## The problem
Look for the line containing "Favors Decorations 6-Count" and the line containing "Pokemon Sleeping Pikachu" in the entries below. Copy those two and all lines between them exactly, leaving out pictures.
[[ Material for this exercise open ]]
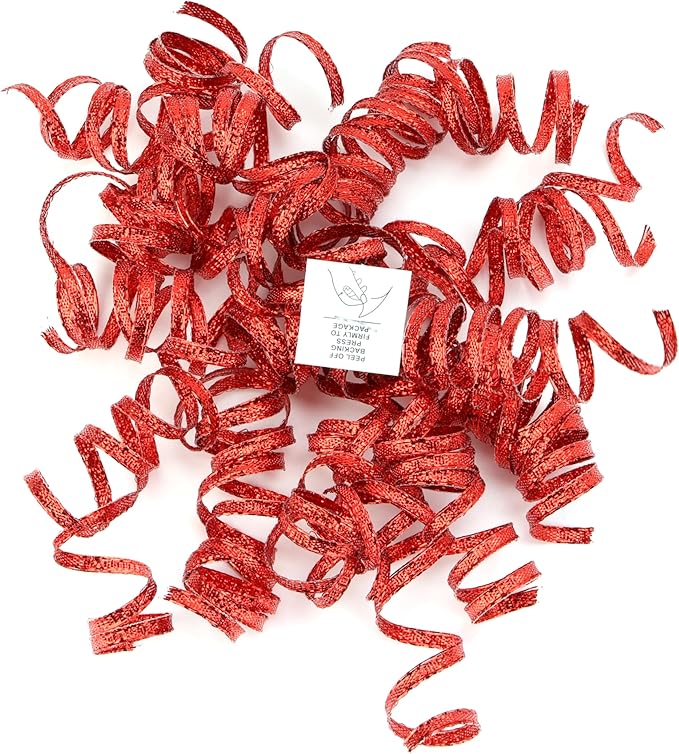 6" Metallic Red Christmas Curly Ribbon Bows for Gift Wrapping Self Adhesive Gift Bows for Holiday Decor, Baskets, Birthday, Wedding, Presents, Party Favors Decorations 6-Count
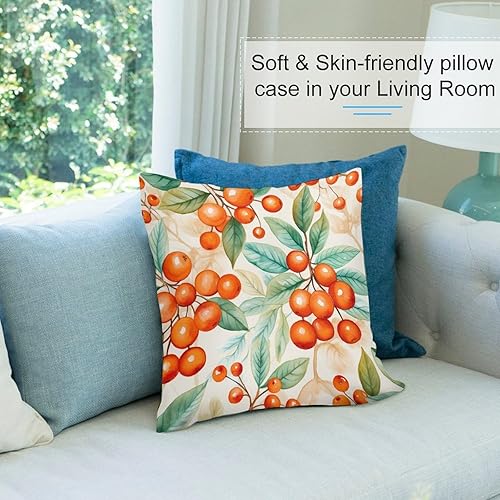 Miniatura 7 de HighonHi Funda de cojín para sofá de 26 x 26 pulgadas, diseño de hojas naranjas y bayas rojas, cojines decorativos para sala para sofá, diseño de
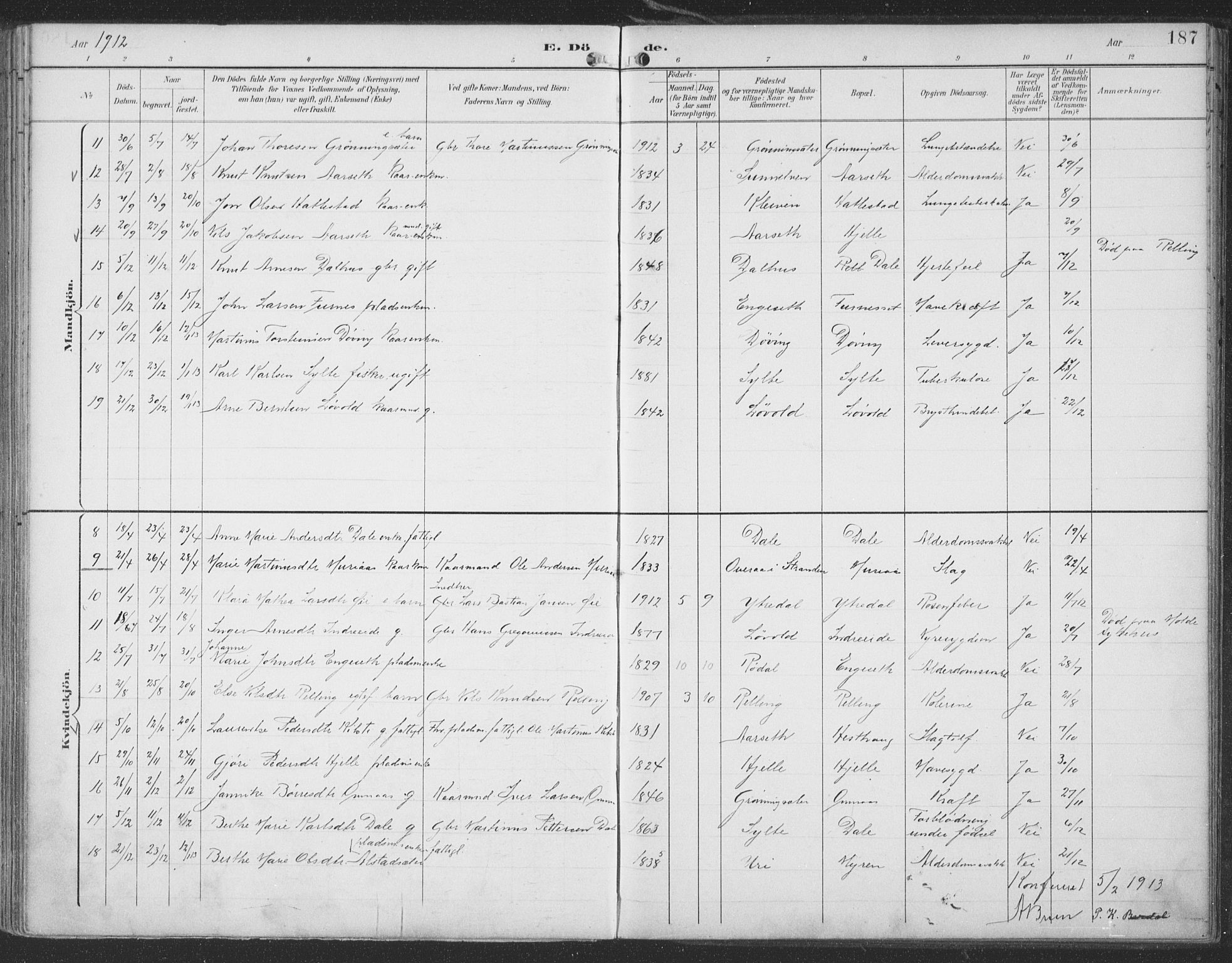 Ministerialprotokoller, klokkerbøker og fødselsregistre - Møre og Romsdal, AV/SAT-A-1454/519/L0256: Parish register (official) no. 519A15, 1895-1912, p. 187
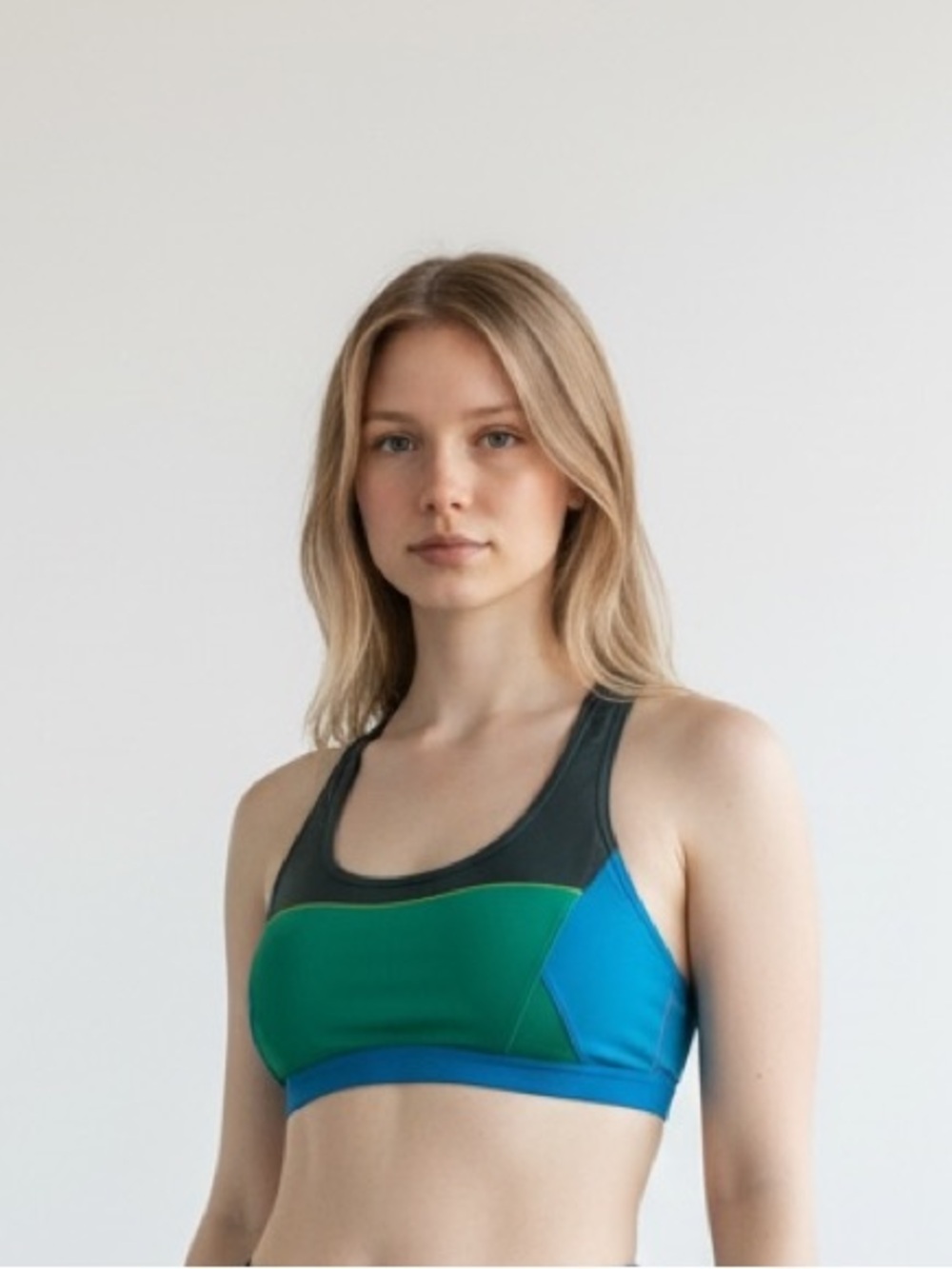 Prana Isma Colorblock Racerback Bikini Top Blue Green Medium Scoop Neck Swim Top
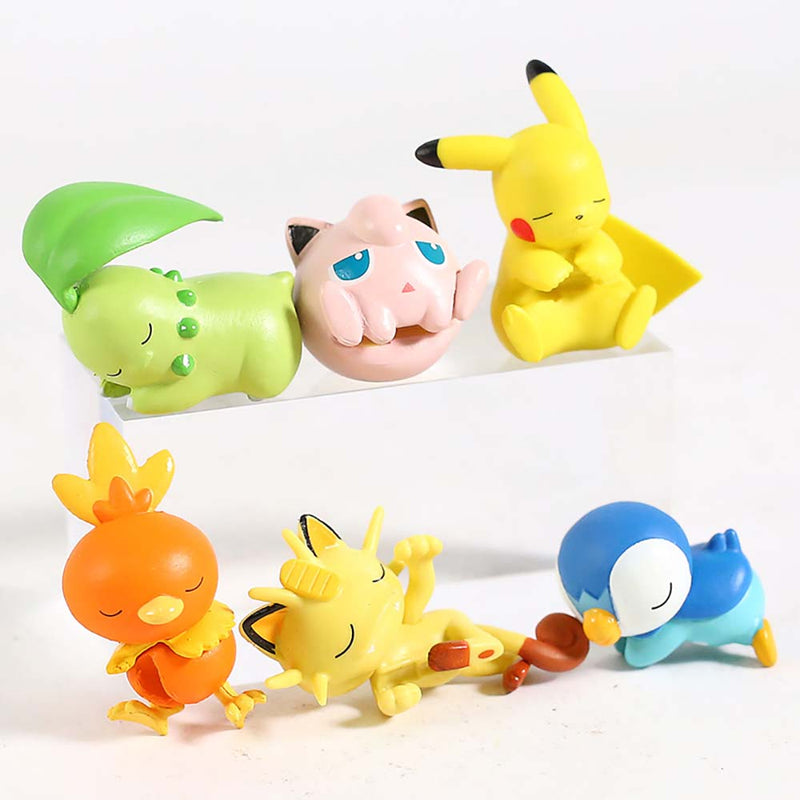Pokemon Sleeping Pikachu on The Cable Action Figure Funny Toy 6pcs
[[ Material for this exercise closed ]]
[[ Material for this exercise open ]]
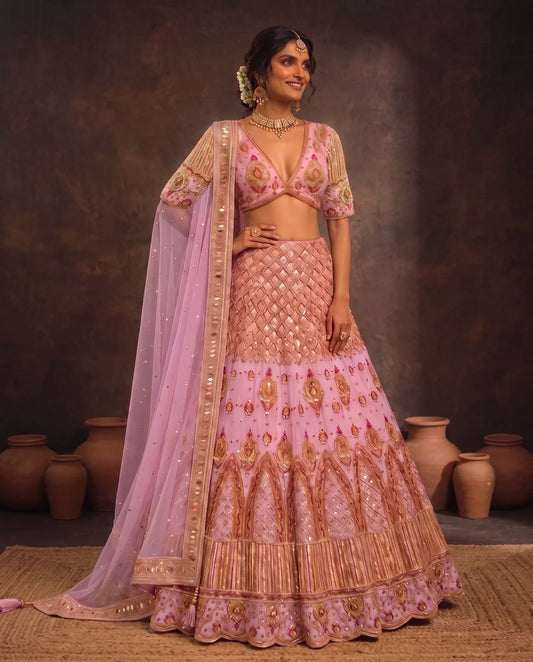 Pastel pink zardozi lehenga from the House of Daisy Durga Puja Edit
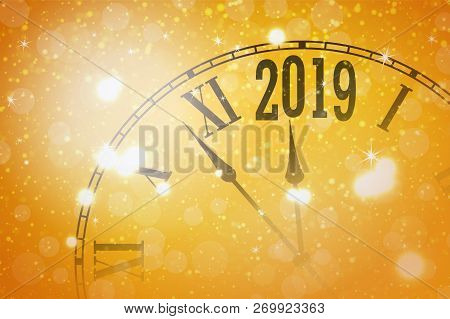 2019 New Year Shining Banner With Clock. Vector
[[ Material for this exercise closed ]]
## Exercise result
 6" Metallic Red Christmas Curly Ribbon Bows for Gift Wrapping Self Adhesive Gift Bows for Holiday Decor, Baskets, Birthday, Wedding, Presents, Party Favors Decorations 6-Count
 Miniatura 7 de HighonHi Funda de cojín para sofá de 26 x 26 pulgadas, diseño de hojas naranjas y bayas rojas, cojines decorativos para sala para sofá, diseño de
 Ministerialprotokoller, klokkerbøker og fødselsregistre - Møre og Romsdal, AV/SAT-A-1454/519/L0256: Parish register (official) no. 519A15, 1895-1912, p. 187
 Prana Isma Colorblock Racerback Bikini Top Blue Green Medium Scoop Neck Swim Top
Pokemon Sleeping Pikachu on The Cable Action Figure Funny Toy 6pcs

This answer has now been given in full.